It is a fact as surprising as trivial that the Gaussian kernel maps your data onto the infinite-dimensional sphere. No computation regarding the RKHS basis are required, since, given the kernel

$$k(x,y)=\exp(-\gamma \| x-y\|^2)$$

defined on the domain $X$, inducing a map $\Phi: X \rightarrow F$, where $F$ is the associated feature space.
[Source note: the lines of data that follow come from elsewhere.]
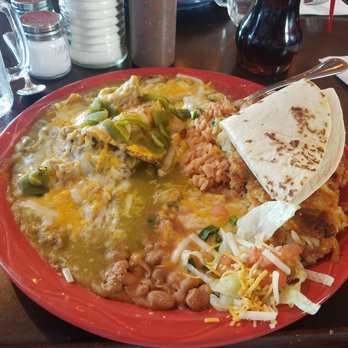 MartAnne's - Chilaquiles with pork green chili, hash browns, rice, beans and a tortilla - Breakfast & Brunch Near Me - Flagstaff, Arizona
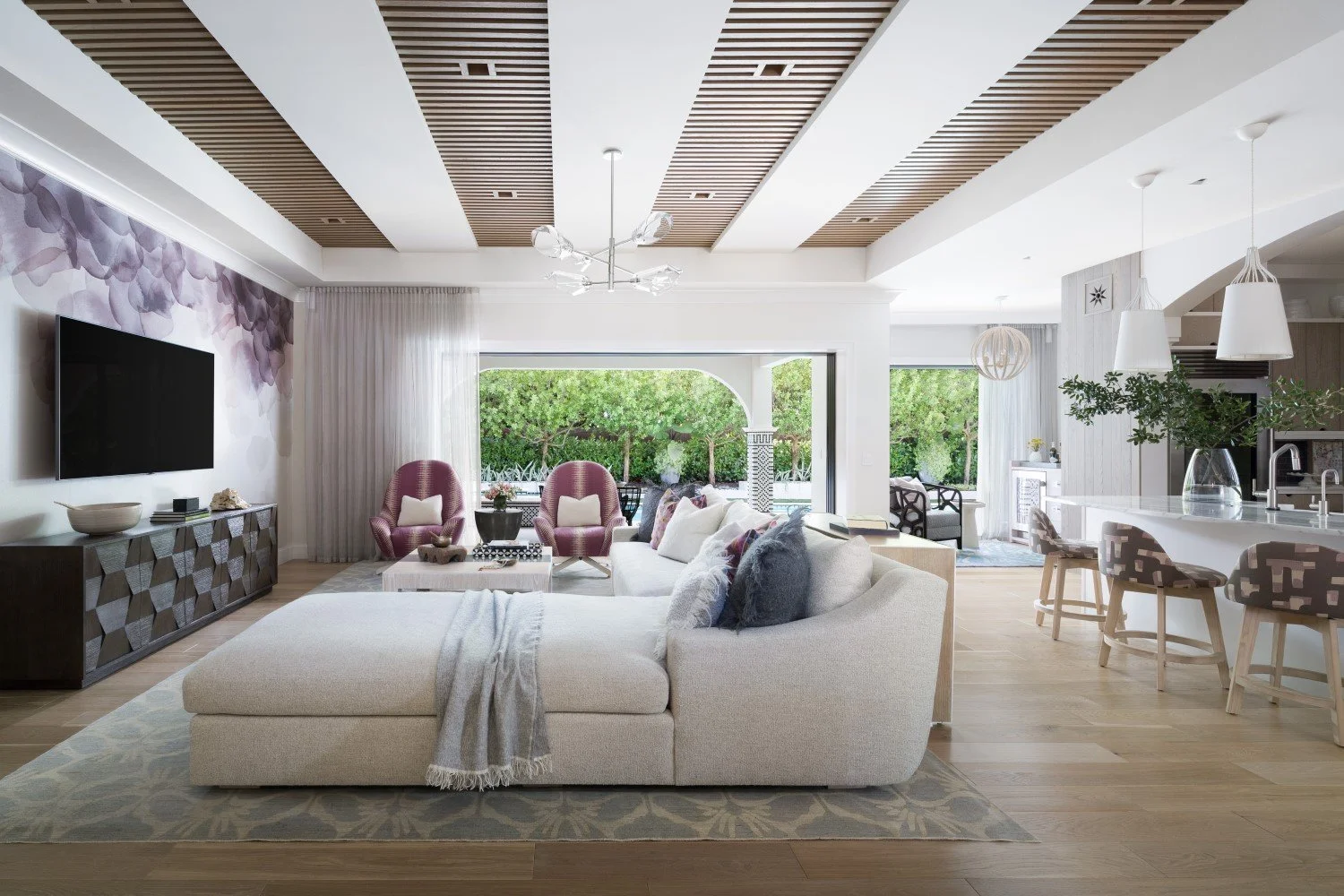 Modern living room with large beige sectional sofa, pink armchairs, and a television on a textured black media console. Open kitchen with white island, bar stools, and greenery in a glass vase. Large window showing trees outside, light wood flooring,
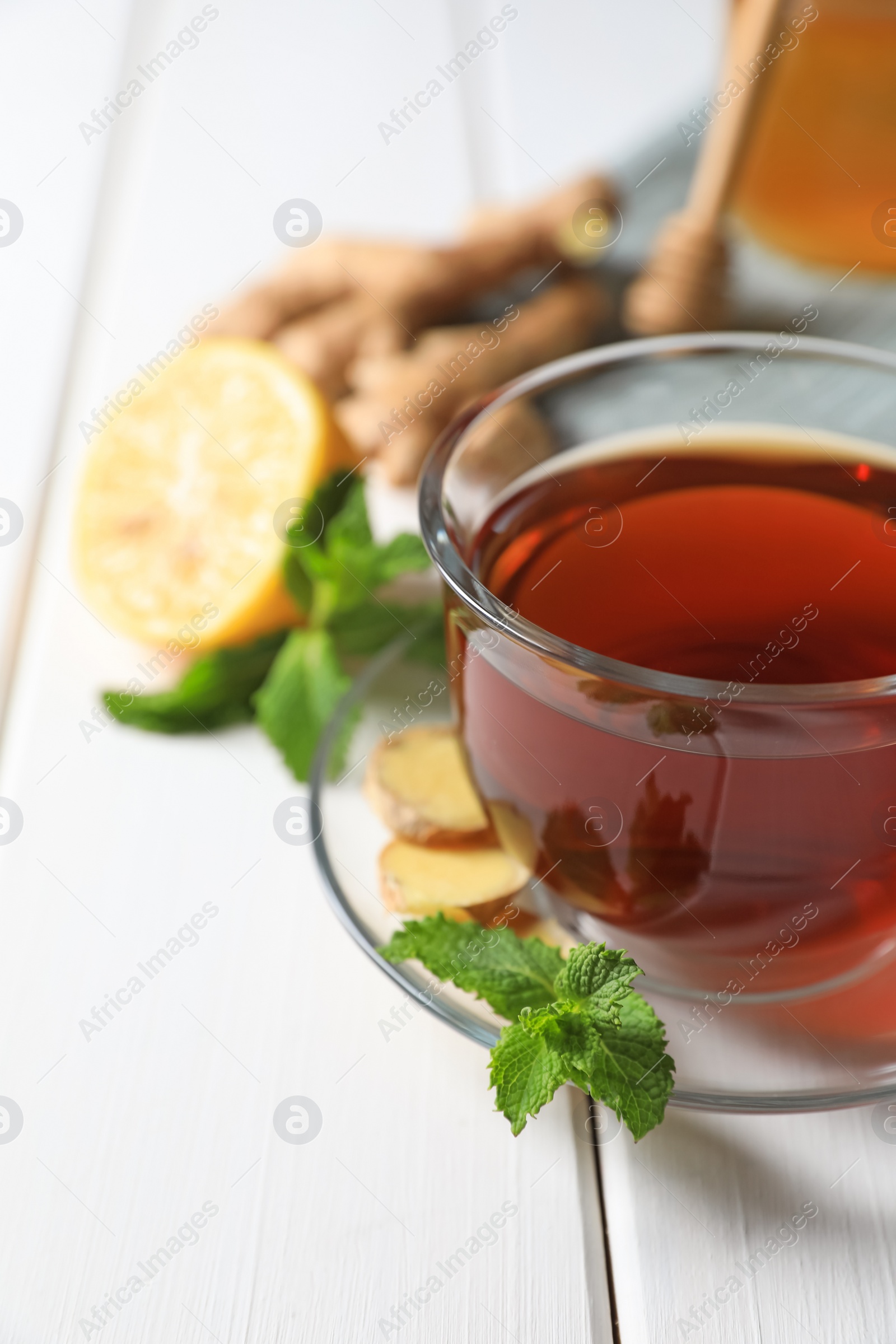 Photo of Cup of delicious ginger tea and ingredients on white wooden table, closeup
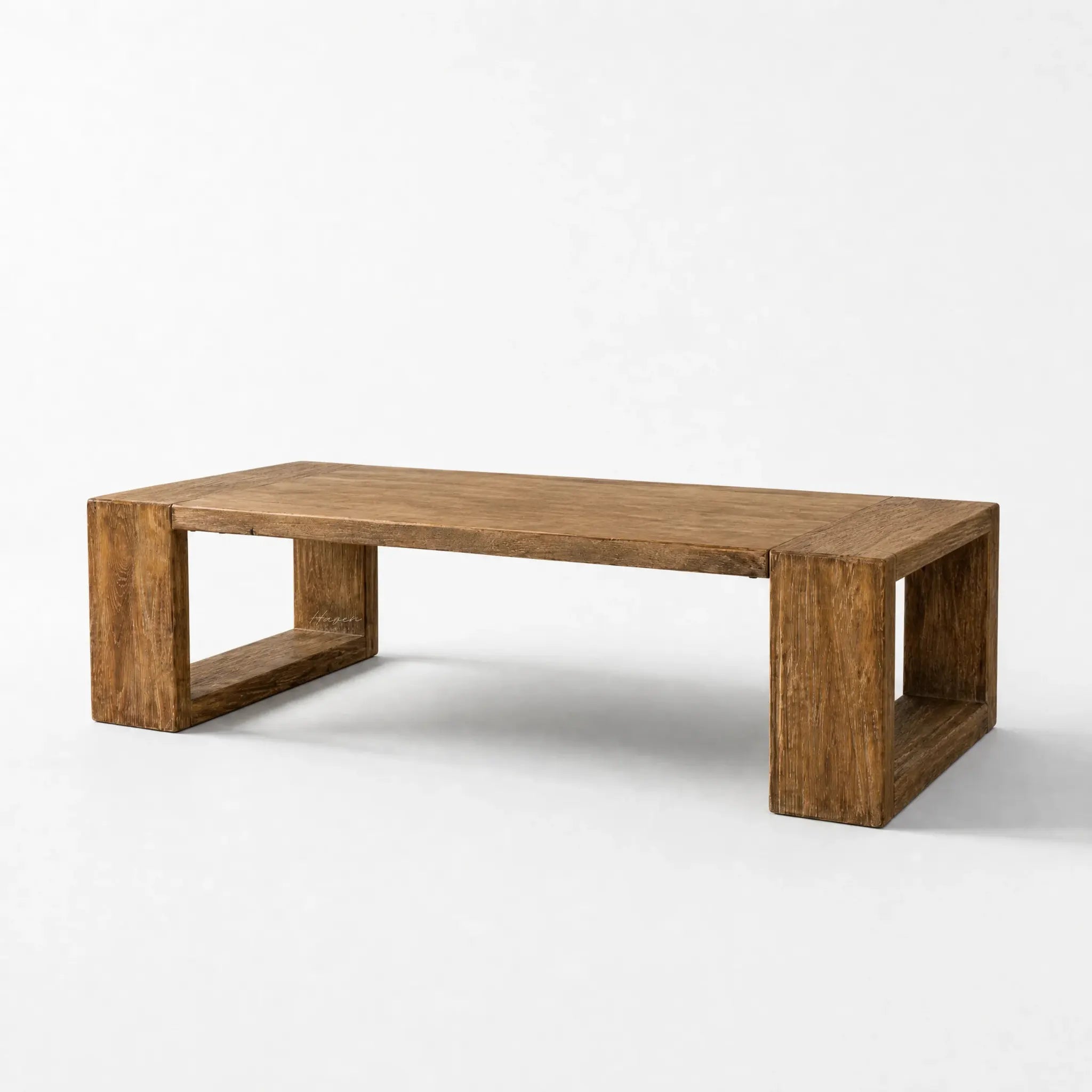 Casa Coffee Table in reclaimed elm wood with an aged black finish, bold rectangular legs and natural grain.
We have that $k(x,x)=1$ for all $x \in X$. Therefore what we have is clearly the sphere, since all $x$ are one unit await from zero in the feature space $\|\Phi(x)\|^2 = \sum_i \lambda_i \phi_i(x) \phi_i(x) = k(x,x)=1$. Is there any possible refinement to this? There is! Remember that the Fourier transform of a Gaussian is a Gaussian (with inverted paramers, etc), so we have that the Fourier coefficient 0 (i.e., the power of the constant function, or $cos(0)$) is positive (and maximum among the coefficients). This means that all data have a positive first entry (the constant function is positive and its coefficient is positive), which means that the map actually is from the domain to the positive halve of the infinite hypersphere. Other basis functions (for coefficients other that zero) are sines and cosines and thus may change points. Further characteristics of the mapping depend on the data probability measure.

If you have been trying to apply Differential Geometry to kernel methods and have worked with the Gaussian without noticing it, please stop your research and do something else. A good review and analysis on the induced manifold is

Geodesic Analysis on the Gaussian RKHS hypersphere, where the authors make again the same mistake many people do: Naming the feature space as the RKHS (IT IS ITS DUAAAAALLLLLL). In fact, they show that the maximum angle between a pair of points is $\pi/2$, which makes the largest possible embedding a quadrant.